Fungi of New Caledonia
In line with our enduring commitment to celebrating New Caledonia’s outstanding natural heritage, OPT-NC presents a new series of stamp issues dedicated to fungi, a basket full of surprises and delights.
This first diptych designed by Denis Vigier, in partnership with the New Caledonia Mycological Society (Société Mycologique de Nouvelle-Calédonie), features two striking species belonging to the Polyporaceae family: Panus lecomtei and Ryvardenia campyla, photographed respectively by Christian Lauderau and Philippe Bourdeau.
The first fungus is densely hairy from base to cap and is beautifully coloured in shades ranging from purple to lilac. The second is recognisable by its many-layered caps and cottony surface; it exudes reddish amber droplets of moisture when it is fresh.

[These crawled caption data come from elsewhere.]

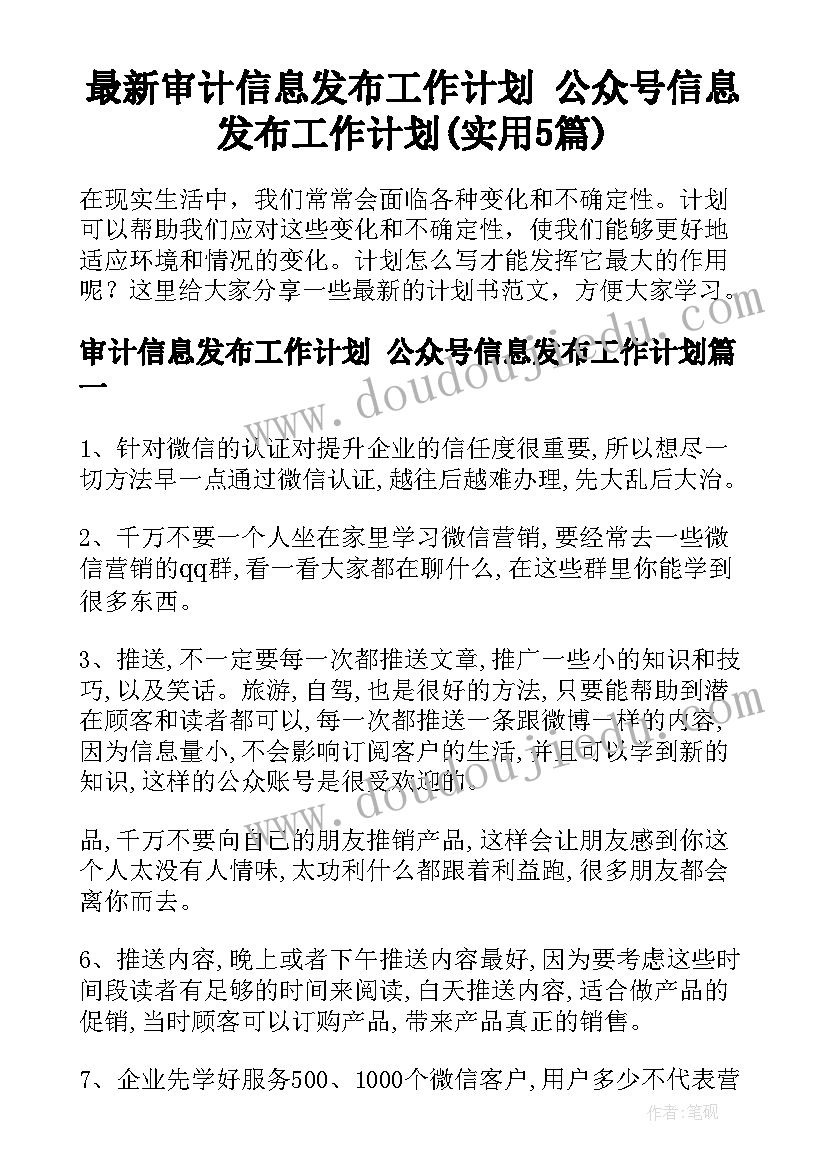 最新审计信息发布工作计划 公众号信息发布工作计划(实用5篇)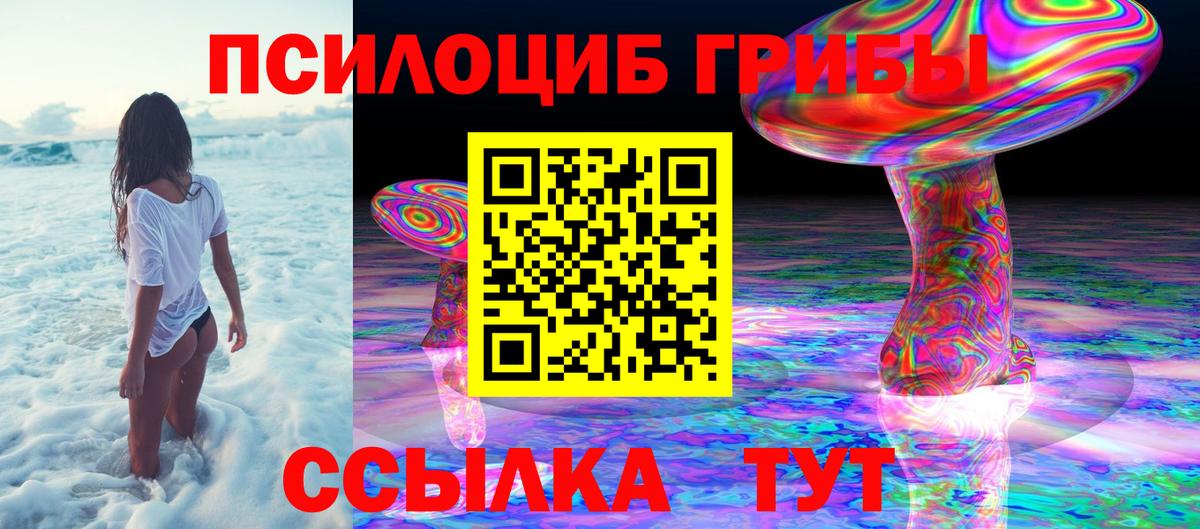 Клин  Галлюциногенные грибы GOLDEN TEACHER  Вход с VPN 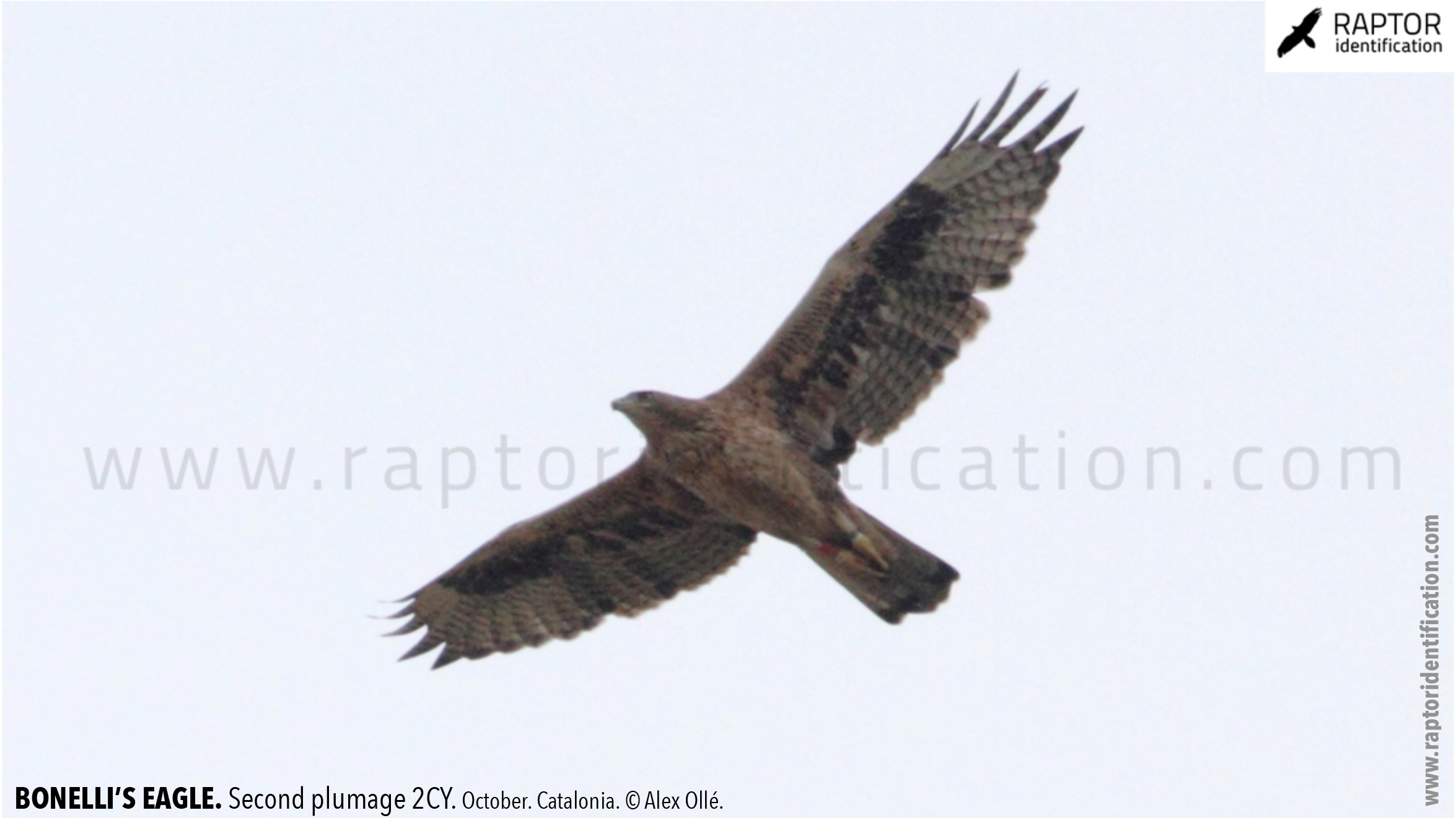 Bonellis-Eagle-2nd-plumage-identification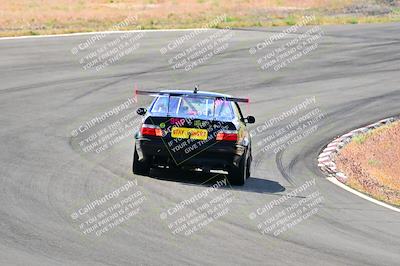 media/May-05-2024-Lucky Dog Racing (Sun) [[8a365fce5b]]/945am-Turn 5/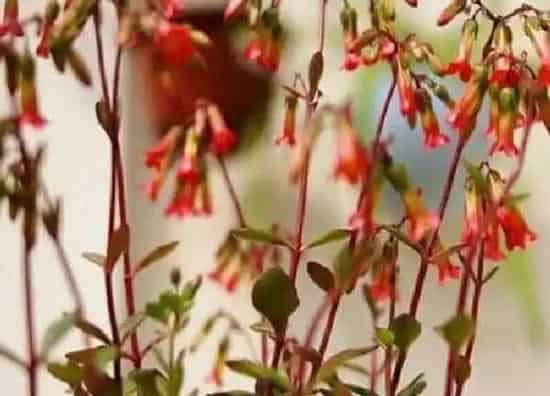 养殖科普|长寿花喜阴还是喜阳光的植物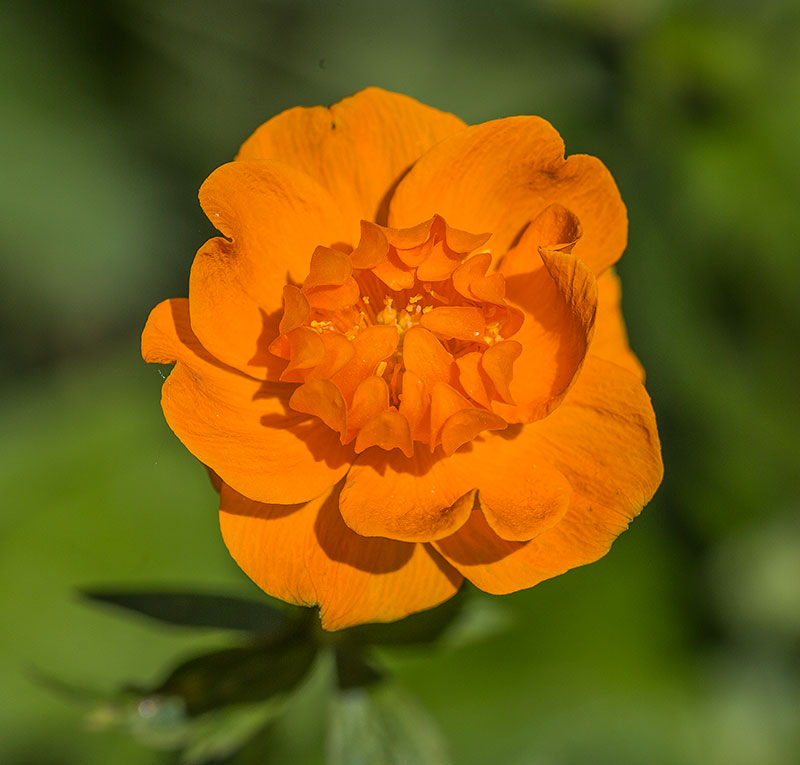 Изображение особи Trollius asiaticus.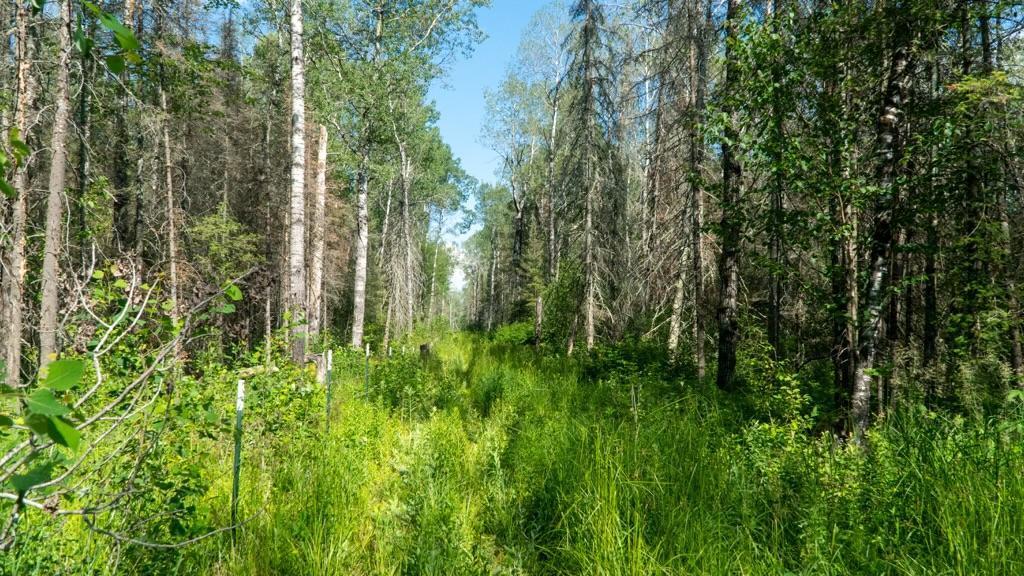74035 County Highway A, Iron River, Wisconsin image 31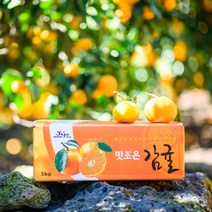 [제주땡큐베리팜] 농장직송 햇 노지감귤 3kg 5kg ( 2S/S/M/L ), 1세트, 감귤 3KG(중대과 L/2L)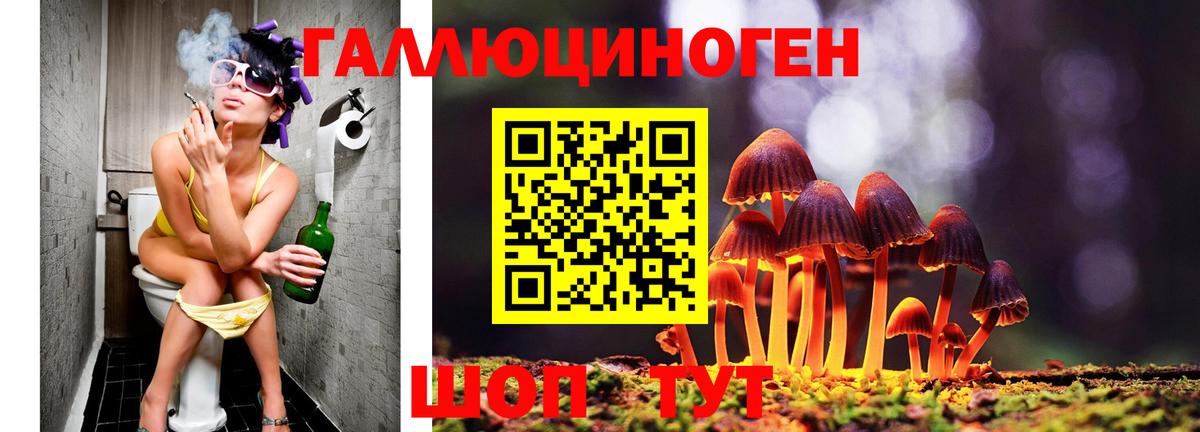 Галлюциногенные грибы Cubensis  Вход с VPN  Урюпинск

These two specimens are saprophytes, fungi which feed on dead or decomposing organic material, extracting the elements (polysaccharides, sugars, alcohols, organic acids, lignin, proteins, amino acids...) they need for their metabolism and nutrition.
Along with bacteria, fungi play a vital role in the balance of ecosystems, breaking down decaying debris left by dead plants and animals and releasing nutrients and minerals which help to maintain soil health. Found all around the world in a wide range of habitats, estimates put the global number of fungal species at 5 to 10 million. The species growing in New Caledonia are estimated at 30,000, with currently just 500 species having been officially identified by specialists.
Founded in 2008 by fungi enthusiasts, the New Caledonia Mycological Society is committed to increasing and disseminating knowledge about fungi. The Society conducts frequent surveys aimed at identifying new endemic or non-endemic species.